Мужчины подходят ближе. Чешут затылки так, что кепки съезжают на лоб. Кто-то вынимает очки.
Инспектор рывком выпрямляется. Поспешно пятится. Двумя пальцами он держит кусок кости.
– Знаете, что это такое? – спрашивает он.
Лицо у него посерело. От его взгляда у остальных мурашки бегут по коже. Лес замер. Ни ветерка. Ни птичьего крика. Словно вся природа молчит, храня тайну.
– Бьюсь об заклад – это не собачьи кости.
23 октября, воскресенье
Осенняя река по-прежнему говорила с ней о смерти. Но уже по-другому. Раньше река была черной. Она говорила: «Ты можешь все прервать. Ты можешь выбежать на тонкий лед – так далеко, как успеешь, пока он не проломится под тобой». Теперь река говорила ей: «Ты, моя девочка, всего лишь краткий миг». Это звучало как утешение.
Районный прокурор Ребекка Мартинссон мирно спала в самые глухие часы ночи. Она больше не просыпалась от тоски, давившей и рвавшей ее изнутри. Никаких наплывов потливости, никакого учащенного сердцебиения.
Ей не случалось больше стоять в туалете и смотреть в черные зрачки, желая отрезать себе волосы или что-нибудь поджечь, лучше всего – саму себя.
«Все хорошо», – говорила она. Самой себе и реке, а иногда и кому-то другому, кто осмеливался спросить.
Все хорошо. Справляться с работой. Убираться в своем доме. Не мучиться от бесконечной сухости во рту и сыпи на коже от лекарств. Спать по ночам.
Иногда она даже смеялась. А река текла себе, как за многие поколения до нее, и как будет течь, когда от нее не останется ни следа.
Но сейчас, пока горела мимолетная искорка жизни, Ребекка могла смеяться и поддерживать чистоту в доме, выполнять свою работу и курить на крыльце на солнышке. А затем она превратится в ничто.
«Не так ли?» – вопрошала река.
Ей нравилось поддерживать чистоту. Сохранять порядок, оставшийся со времен бабушки. Она спала в алькове на резной раздвижной кровати. На полу лежали тряпичные коврики, сплетенные ее бабушкой.
Откидной стол и стулья были выкрашены голубой краской и истерты в тех местах, где лежали руки, где упирались ноги. На полке теснились сборники проповедей Лестадиуса[2], книга псалмов и женские журналы тридцатилетней давности. В шкафу для белья хранились истонченные от времени простыни.
У ног Ребекки лежал и посапывал молодой пес Яско, которого подарил ей полицейский Кристер Эриксон полтора года назад. Отличная овчарка. Скоро он станет совсем взрослым – во всяком случае, так думал о себе он сам. Высоко поднимал ногу, когда справлял нужду, так что чуть не заваливался набок. В своих снах он видел себя королем Курраваары.

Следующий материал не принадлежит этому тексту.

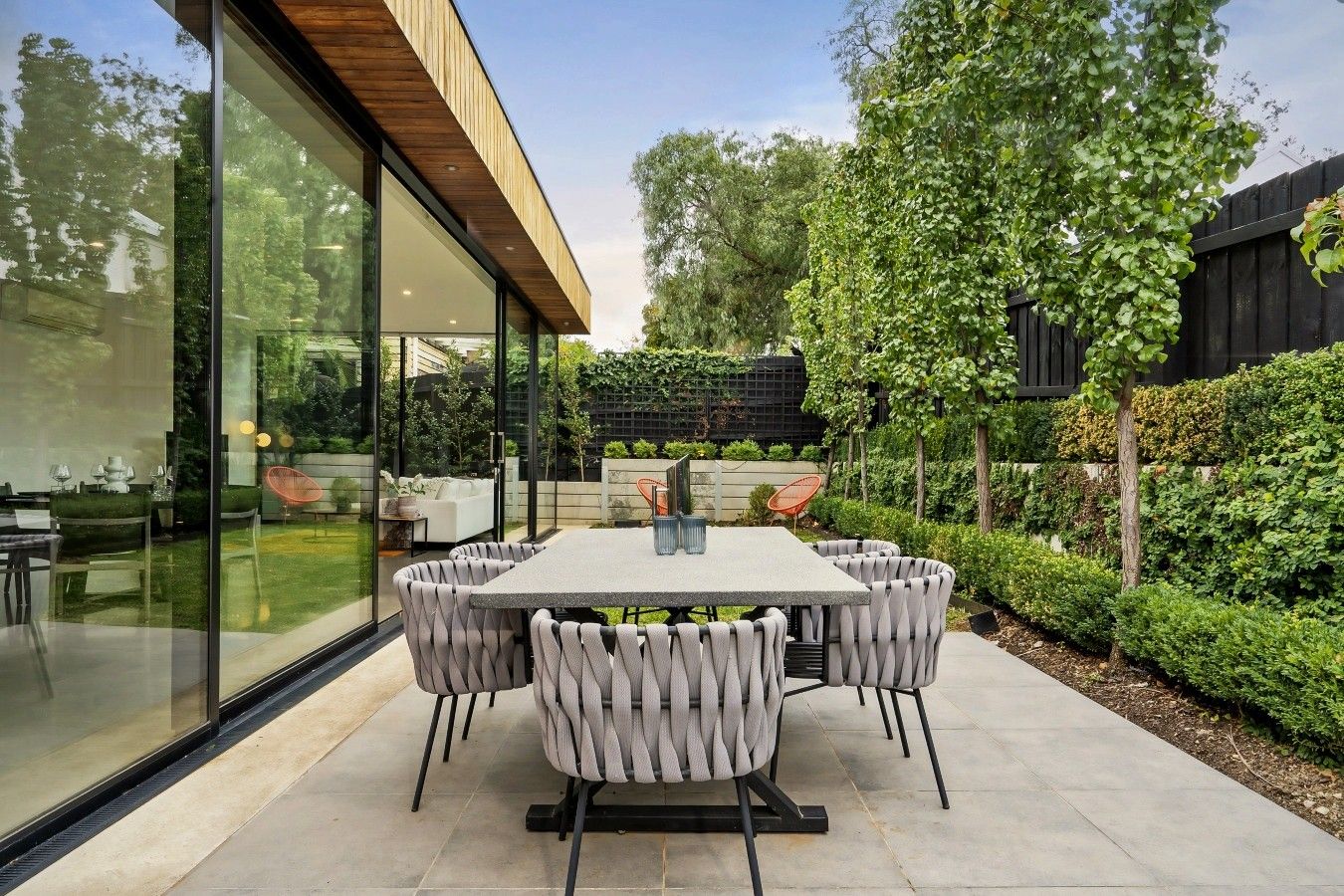 Een moderne eethoek buiten met een glazen wand, een houten plafond en uitzicht op een tuin.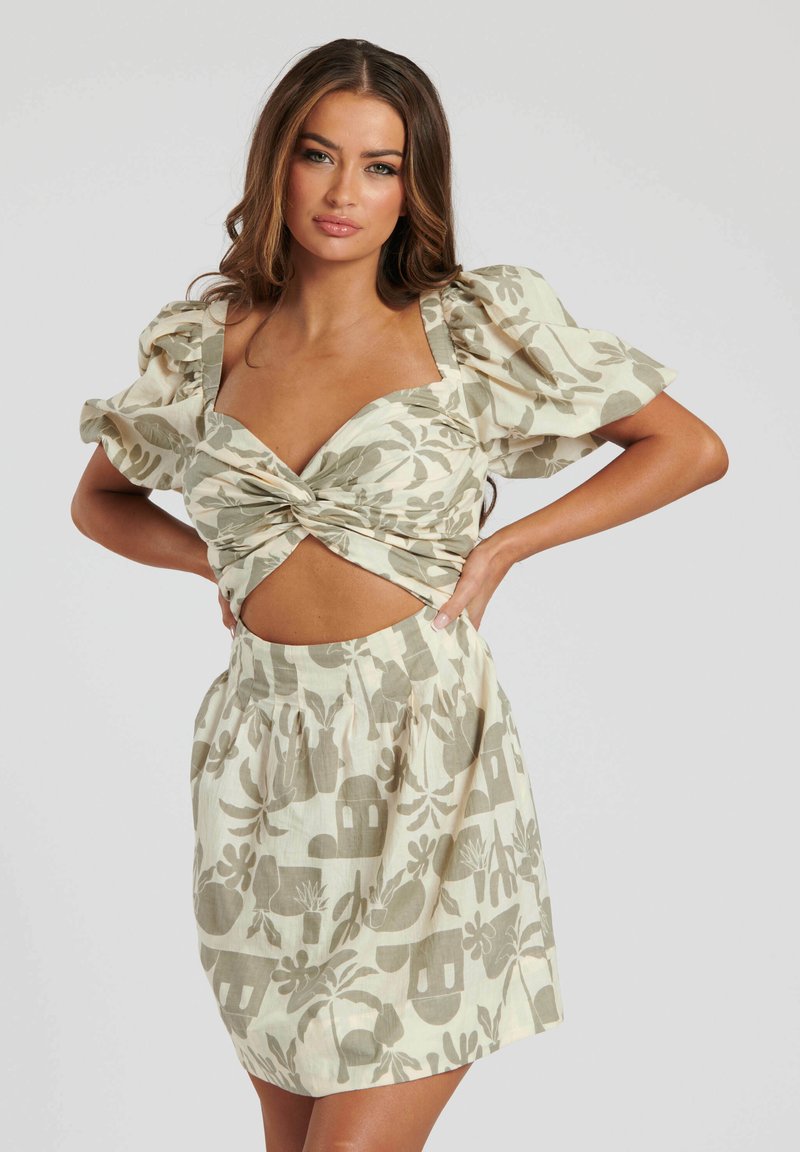 Conjunto ligero de dos piezas con un estampado floral que presenta una blusa con nudos en el frente y mangas abullonadas, junto con una falda de cintura alta en colores suaves y apagados.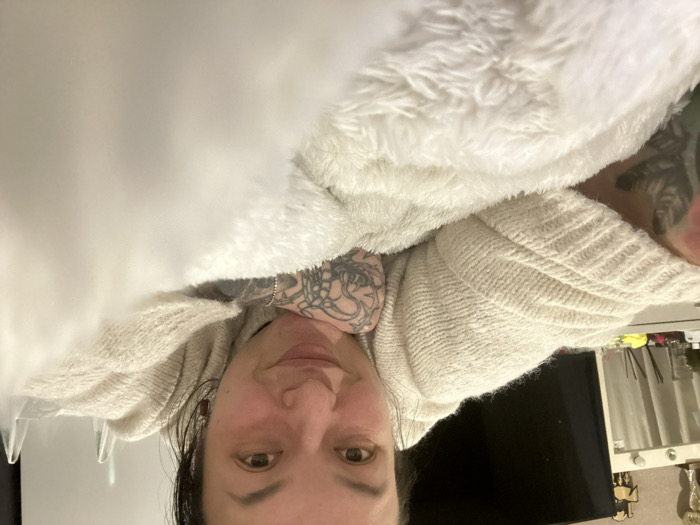 The image displays a female subject, an adult woman, positioned prone, looking directly into the camera with a slight smile. Her face and upper torso are visible. She has dark hair and dark eyes. She is wearing a light-colored, cream or off-white, knitted sweater. Her visible forearms are extensively covered in dark-ink tattoos, with a distinctive spiderweb pattern identifiable on her left elbow area. A silver-colored bracelet is present on her right wrist. She is resting on a thick, white, fluffy blanket which occupies the lower and central foreground. The background reveals an indoor domestic setting in the city of Chaikovsky, Russia. To the left, a white vanity dresser is visible, featuring an illuminated mirror with lights along its top edge. Objects on the dresser include small bottles, a reed diffuser, a small golden trophy or figurine, and a wooden decorative item resembling a horse. Behind the dresser, a large, dark flat-screen television is mounted on a wall.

Лапы подергивались во сне, когда он несся за этими проклятыми грызунами, наполнявшими днем его ноздри соблазнительными запахами, но никогда не дававшими себя поймать. Он взлаивал сквозь сон, и его губы вздрагивали, когда ему снилось, как он с хрустом хватал зверьков поперек спины. Возможно, ему снилось, что все местные сучки наконец-то стали отвечать на его прекрасные любовные послания, которые он днем усердно выписывал на каждой травинке.
Но когда король Курраваары просыпался, его называли просто Щен. И никакие сучки к нему интереса не проявляли.